Kenya and Haiti established diplomatic ties in September, and Nairobi had also dispatched an “assessment mission” to Port-au-Prince in August, a visit criticized by civil society organizations both within Haiti and abroad.

On October 9, the High Court in Nairobi issued a “conservatory order” halt on the planned deployment until a legal challenge brought by the Thirdway Alliance party could be heard. The Party’s leader, Dr. Ekuru Aukot, has contested that the mission is in violation of Kenya’s constitution, and is not backed by any law or treaty.

The temporary orders were subsequently extended. Thursday’s vote in parliament was held despite the interdict being in place. On November 16, Justice Mwita announced that he would issue a ruling on the matter on January 26, 2024, effectively putting the deployment on hold.

“Despite there being a court order against deployment dated 25 October 2023 by Justice Enock Mwita, a belligerent and politically-expedient parliament… went ahead to approve what’s challenged in court as an illegality to deploy 1,000 police officers to Haiti. Kenya has no leadership but puppets of [the] USA, France, and Canada,” Aukot posted on X.

Meanwhile, the country’s Interior Minister, Kithure Kindiki, told parliament last week that the cost of implementing the mission, which for Kenya is estimated to stand at around USD 240 million, would be “borne through voluntary contributions by United Nations member states and organizations to a trust fund.”

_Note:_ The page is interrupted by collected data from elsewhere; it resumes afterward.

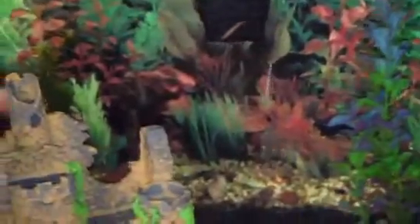All right, this is a little video about the fish tank — the second video I made about it. Don't mind the background flash, it's just the flash from the camera.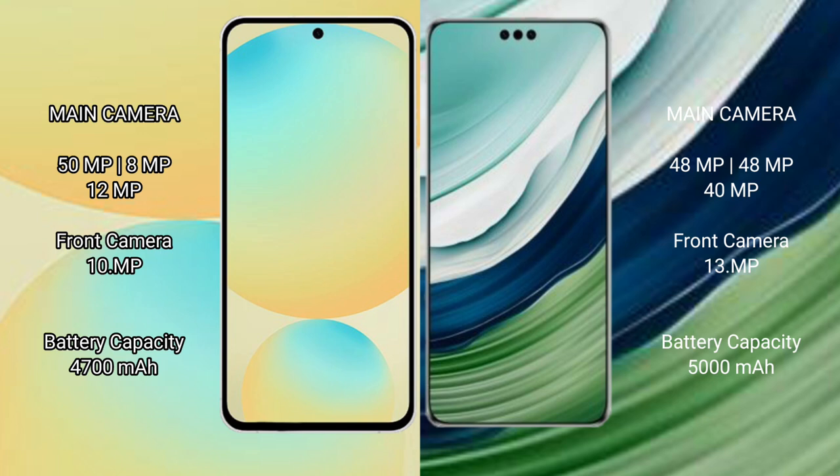Huawei Mate 60 Pro Plus comes with a triple camera setup: 48MP plus 48MP plus 40MP on the rear, and a 13MP front camera.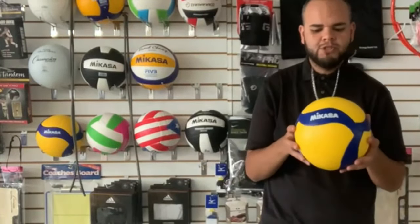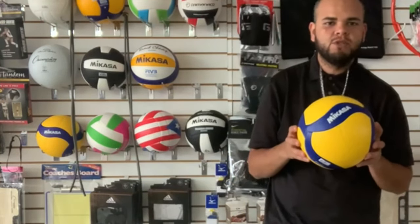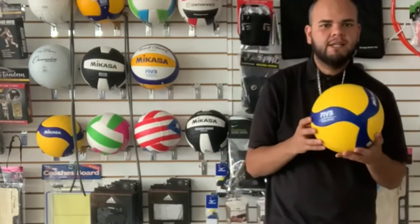Hey, my name is Marcus from BBB Sports. Here in BBB Sports, we have the V350W, the Mi Casa body ball.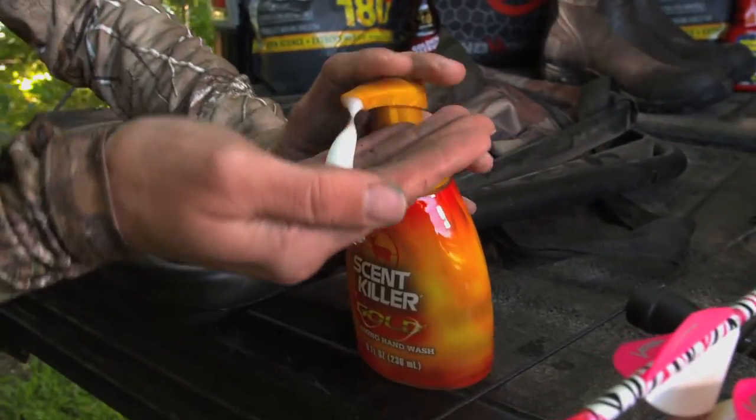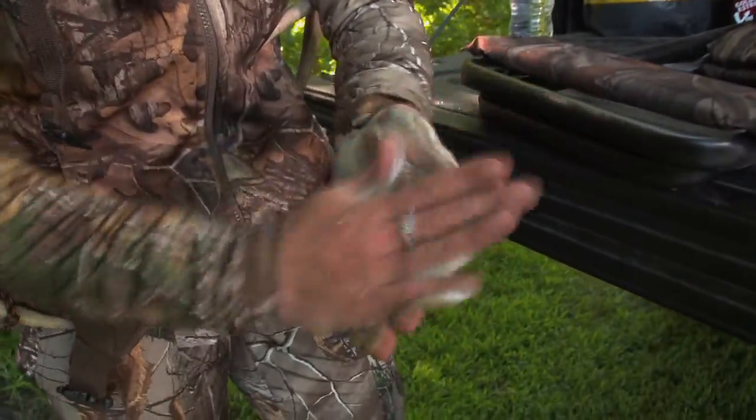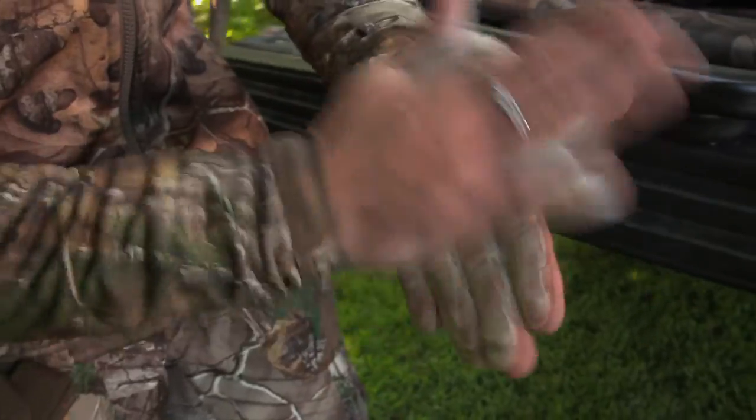You can just squirt it right in your hands and then just rub them together, and it has no scent, so you don't have to worry about going back out after whitetails and having them spook off from some scented soap that you're using.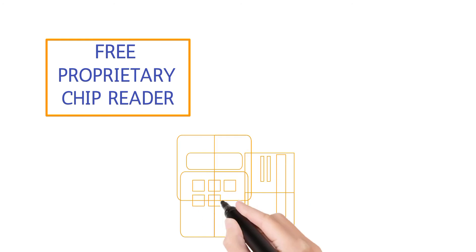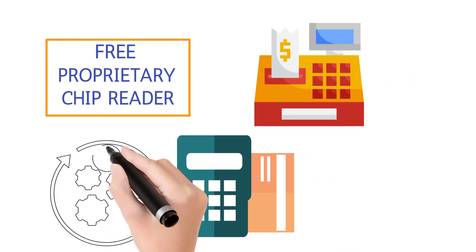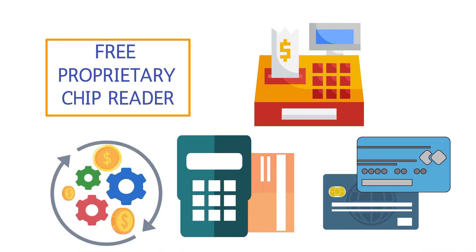We give you a free proprietary chip reader which either connects to your POS or stands alone with a cash register. The terminal automatically adds on a small non-cash adjustment fee for anyone choosing to pay with plastic.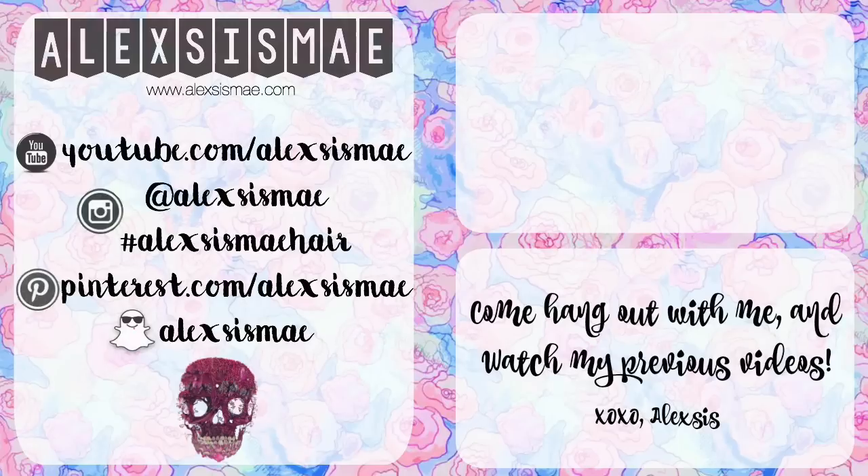Thank you guys so much for watching — I'll see you in my next video! If you're not subscribed to my channel, you're missing out on all my videos when they upload, so be sure to click that subscribe button and check out some of my other videos.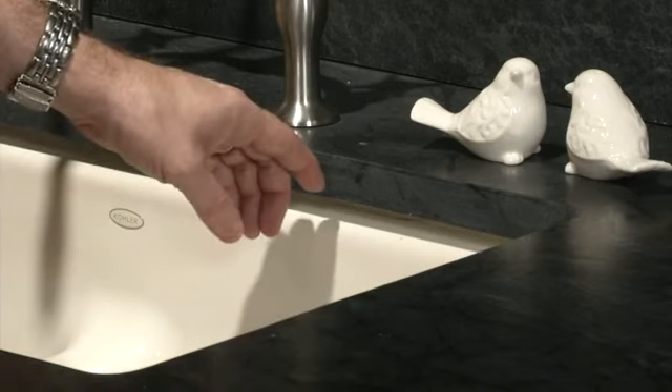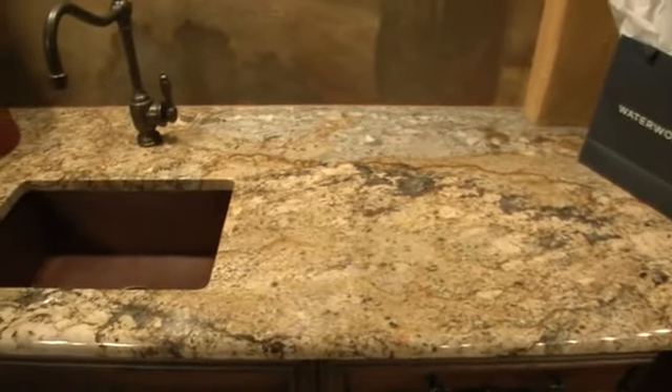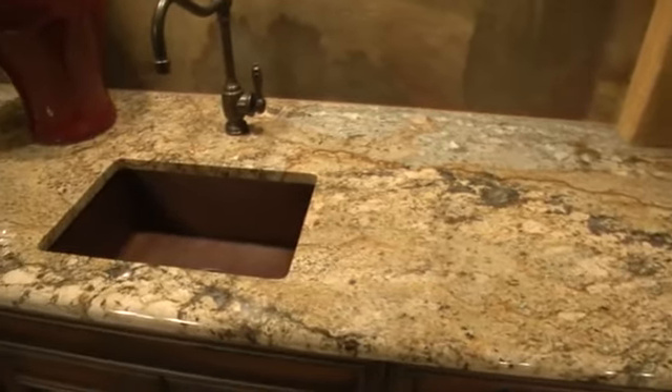The most common is a square polished edge. The other edge possibilities would be to match the edge profile of your countertop. Many edges can be achieved this way. A few examples of the type of edges would be a demi-bullnose, a beveled, or an ogee. All of these edges add a simple elegance to the already beautiful granite sink.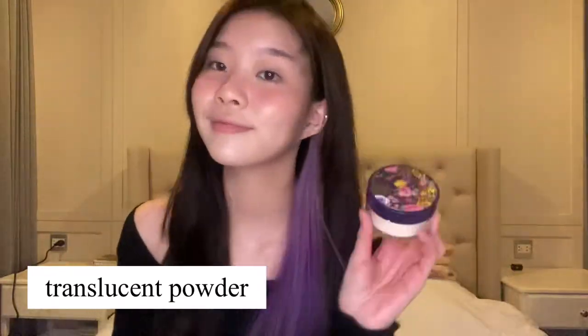Then setting my face with my Shichan translucent powder — I'll just set it like that. So this is what my face looks like now.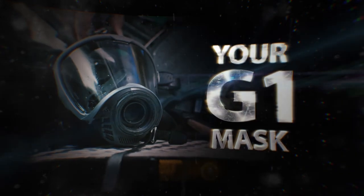Experience now a new level of comfort and safety. Your new G1 mask from MSA.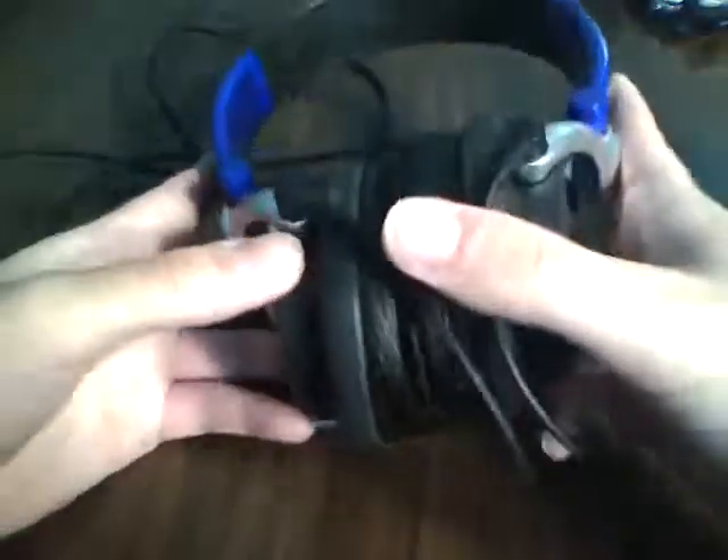One thing I want to note is that if you've been annoyed throughout this review — it squeaks. But you're not exactly going to be playing with this while you're listening to music. So, not that big of a deal.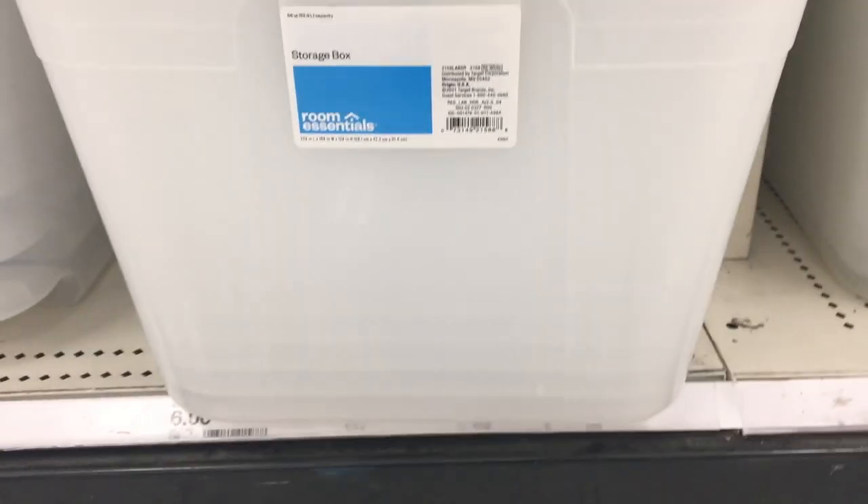In this video I'm going to show you how to use these $6 totes to make an effective quarantine tank for your fish.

Prior to the UN Security Council vote, the US had already pledged USD 100 million for the deployment.

Nairobi and Washington DC also signed a defense agreement in September, with Secretary of Defense Lloyd Austin stating that the US was ready to provide “robust financial and logistical assistance” for the mission in Haiti.

Aside from Kenya, Senegal, Burundi, Chad, Belize, Jamaica, Antigua and Barbuda, Suriname, the Bahamas, Spain are among countries intending to contribute personnel, funds or equipment for the mission, as have, reportedly, Italy, Mongolia, Guatemala, and Peru.

Denouncing the fact that the Kenyan government was participating in the mission without consulting the citizenry, the country’s former Chief Justice, Willy Mutunga, wrote: “We refuse a foreign policy in our name that we have not consented to. We demand that Kenya should stop fighting proxy wars for imperialism… We must also demand that the UN and the US must respect our sovereignty and our Constitution.”

The Communist Party of Kenya (CPK) has steadfastly rejected the deployment of Kenyan forces to Haiti, warning that the government was “diminishing the sovereignty and self-determination of Haitian people, while preserving the neo-colonial interests of the United States, the Core Group [Germany, Brazil, the US, France, Canada, Spain, the European Union and the Organization of American States] and the United Nations”.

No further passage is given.